Some south Sudanese see independence from Muslim north fulfilment of prophecy
NASHVILLE, Tenn. — For some south Sudanese Christians, their opportunity vote for independence from the largely Muslim north is more than a condition of a peace accord ending a two-decade civil war — it's the divine will of God.
They believe the independence of their nation was foretold in the Bible more than 2,000 years ago. Isaiah 18 is one of several passages that refers to the land of Cush, which describes the people as tall and smooth-skinned and the land as divided by rivers.
"It used to be read so many times on Sunday," said Ngor Kur Mayol, who drove to Nashville from Atlanta earlier this month to vote in the independence referendum. "It mentions a lot the way we were suffering in for so many years and how that same suffering, we're going to end it today, to vote for independence."
The interpretation is not so far-fetched, said Ellen Davis, a professor at Duke Divinity School who has been working with the Episcopal Church of Sudan to strengthen theological education there since 2004.
"There's no doubt that Isaiah 18 really is speaking about the people of the upper Nile," she said. "It really is speaking about the Sudanese people."
Davis said the belief in the prophecy is nearly universal among the Christians she has met in Sudan.
"In general Sudanese Christians believe to a much greater extent than mainline North American Christians that the Bible speaks to current events, specifically political events," Davis said.
Jock Paleak, pastor at the Sudanese Cumberland Presbyterian Church in the Nashville suburb of Gallatin, explained how Isaiah 18 has been interpreted to refer to independence.
"The Bible says when they will raise their flag on the mountain, the whole world will see."
The eyes of the world are now on southern Sudan, Paleak said, as they await the official results of the referendum that will almost assuredly favour division of Africa's largest country by a wide margin. Results released last week of voting by more than 8,000 Sudanese refugees in the United States ran 99 per cent in favour of independence.
Isaiah 18 concludes with a passage Paleak said predicts the end of rule by the Muslim north.
He paraphrases and explains it: "'They will bring their gifts to the mountain of Zion,' which means we will be free to praise God in our own way in our own land."

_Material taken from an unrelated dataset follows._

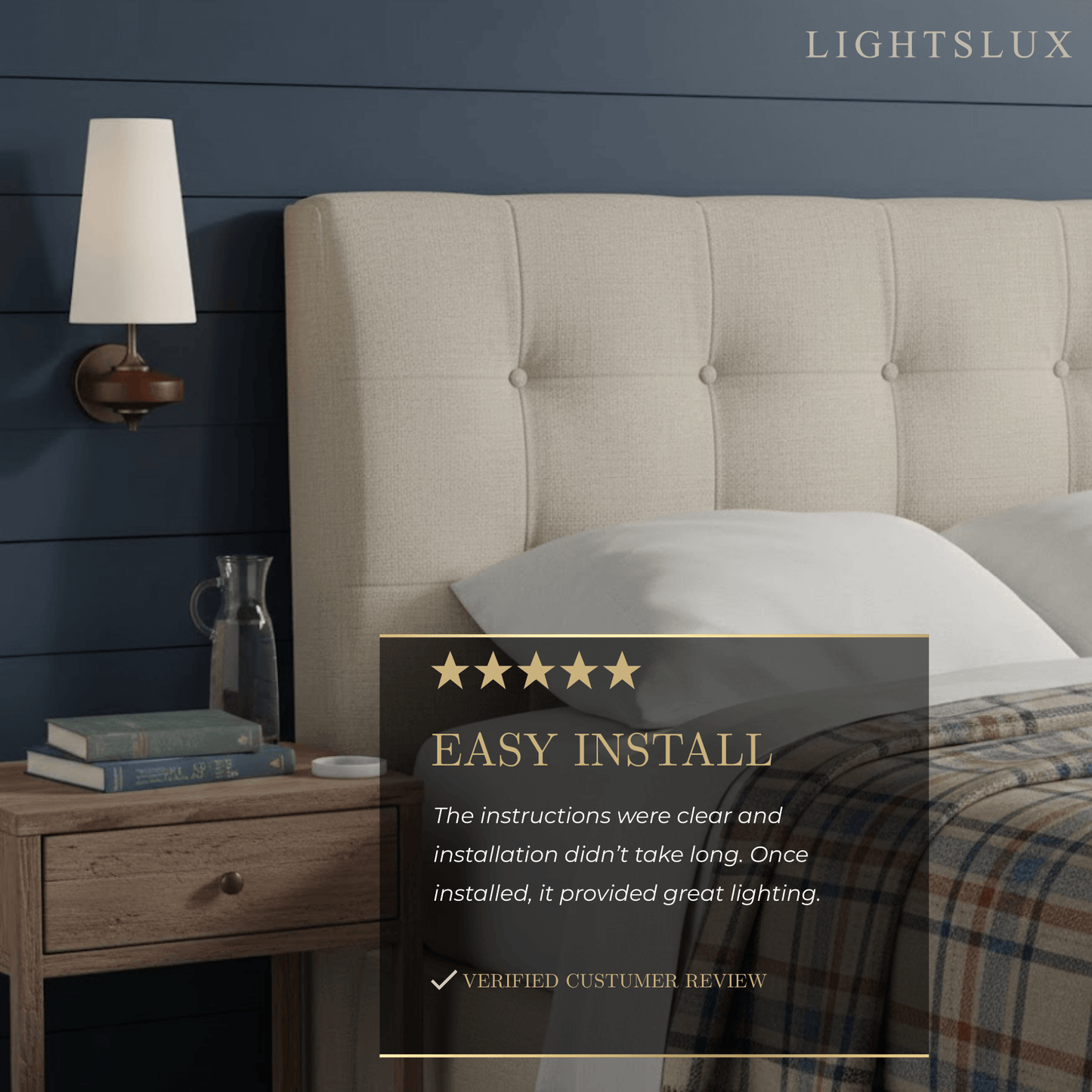 Mid-Century Wall Sconce – Fabric Shade and Wood Wall Light in Bronze for Bedroom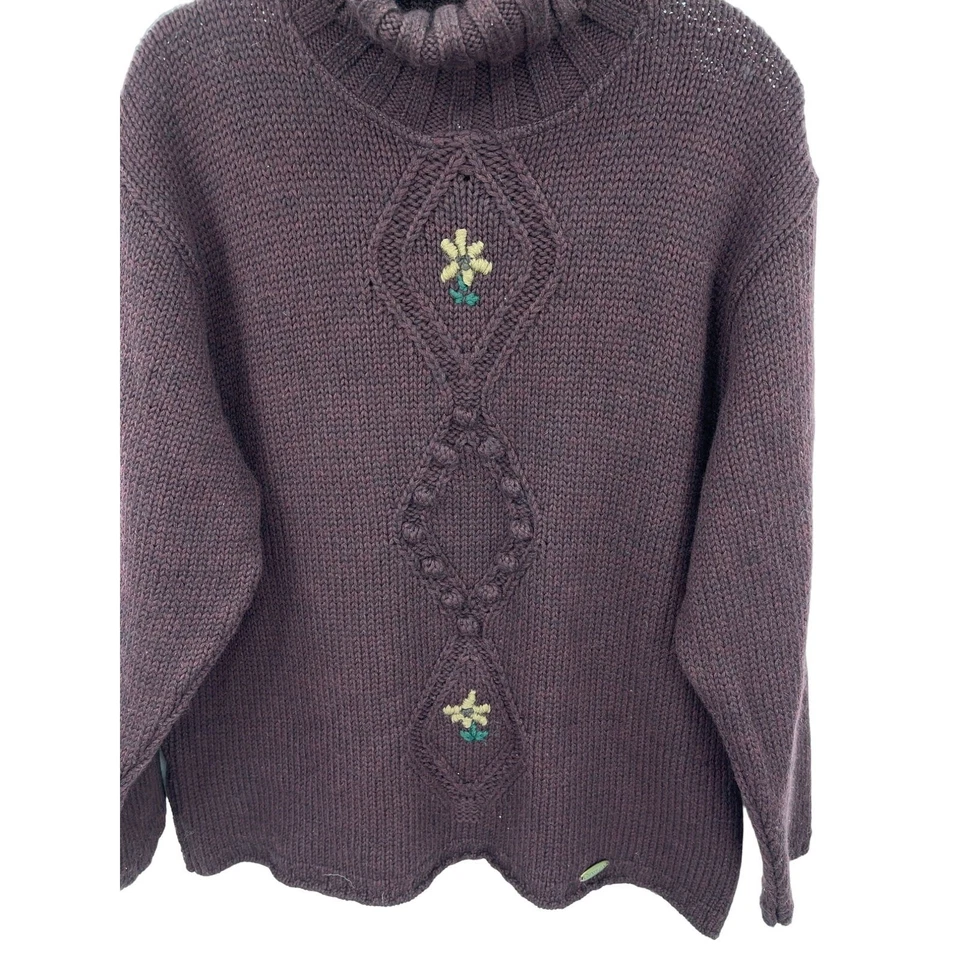 Suéter Giesswein Vintage Mujer 40 EE. UU. 10 Lana 3D Grueso Tejido Jersey Cuello Alto Foto 3 de 4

Paleak said he has not come to a "100 per cent conclusion" on whether the prophecy really refers to southern Sudan's independence, but Pastor Malok Deng, at Nashville's Sudanese Ministry Bible Church, is certain.
He sees the suffering of the south Sudanese during the civil war that left two million dead and the displacement of the many who fled the war as part of a divine plan described in Zephaniah 2 and other passages.
"It says God will send enemies to chastise us so we can repent of our sins and come back to God," he said. "So that's why all this is happening."
Deng said the war was responsible for his own salvation.
"When I was a teenager, because of the war, I came to the northern part of Sudan. That's when I met the Lord and got saved. If not for the war ... I would have died in paganism."
For Pastor Martin Drani, of the interdenominational Sudanese Community Church in Nashville, there is no doubt that God is the true force behind the referendum.
"This is a prophecy, and if you believe the Bible then every prophecy must come to pass," Drani said.
"The Israelites, there also was a prophecy about them and it was fulfilled."
But voter Ayak Duot of Nashville disagrees about the prophecy.
"I heard that, but I don't believe it," she said.
If southern Sudan becomes a new country, she said, it will be because many people, her father included, fought and died for the cause.